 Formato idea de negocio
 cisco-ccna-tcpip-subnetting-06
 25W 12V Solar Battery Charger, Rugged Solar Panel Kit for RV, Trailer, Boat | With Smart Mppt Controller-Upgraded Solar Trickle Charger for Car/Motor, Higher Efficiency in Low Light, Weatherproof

* [Task prompt]: Beginning with the first line, transcribe the complete listing exactly.

* [Written answer]:
 Formato idea de negocio
 cisco-ccna-tcpip-subnetting-06
 25W 12V Solar Battery Charger, Rugged Solar Panel Kit for RV, Trailer, Boat | With Smart Mppt Controller-Upgraded Solar Trickle Charger for Car/Motor, Higher Efficiency in Low Light, Weatherproof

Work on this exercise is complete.